● COLLECTED MATERIAL
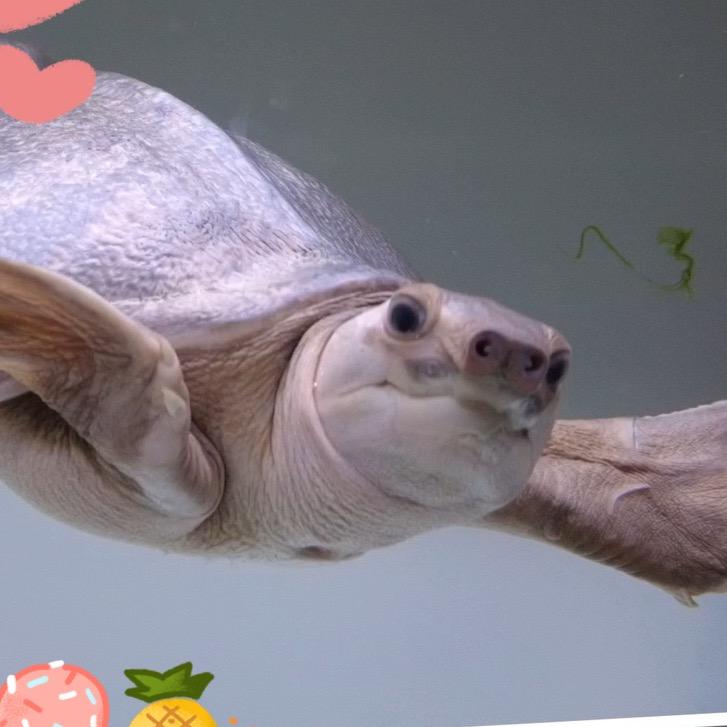 龟蜜🐢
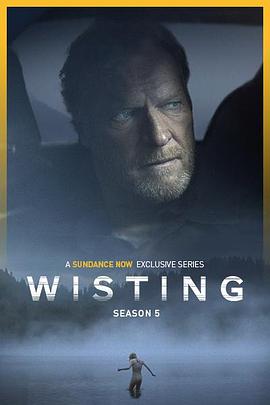 警探维斯廷第五季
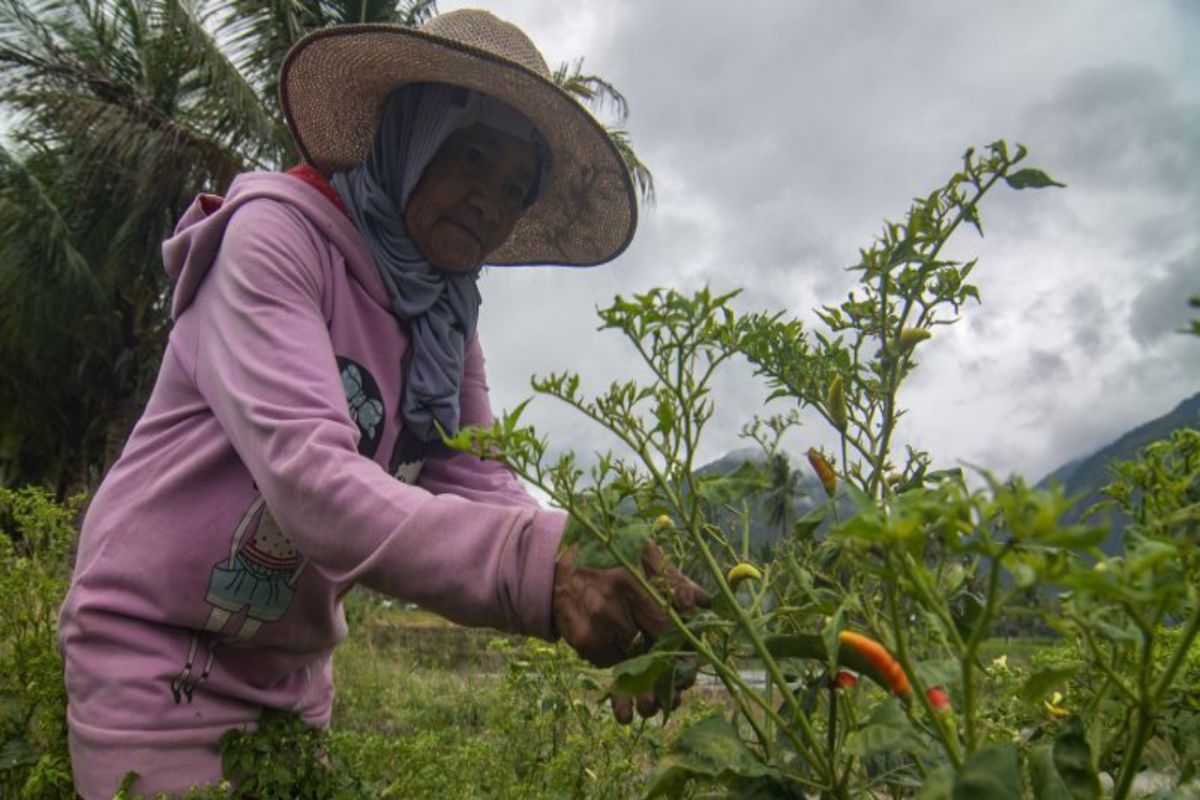 Produksi cabai rawit Sulawesi Tengah capai 20.450 ton 2023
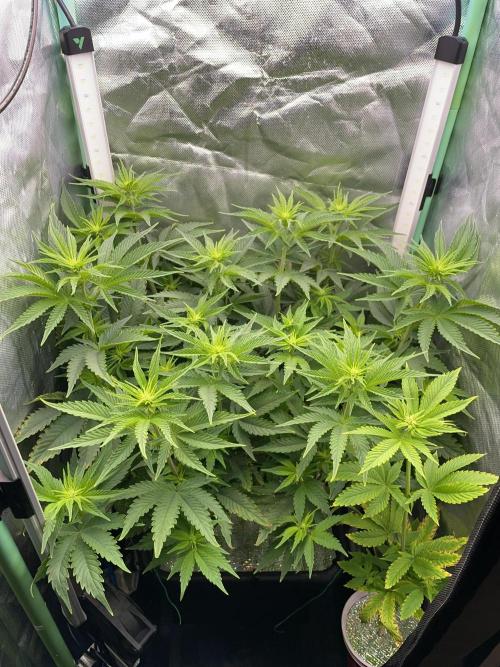 Sticky Broccoli. Week 9 - F14.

● WHAT YOU ARE ASKED TO DO
The whole listing above, line by line, needs to be copied exactly, except for any images.

● RESULT OF THIS TASK
 龟蜜🐢
 警探维斯廷第五季
 Produksi cabai rawit Sulawesi Tengah capai 20.450 ton 2023
 Sticky Broccoli. Week 9 - F14.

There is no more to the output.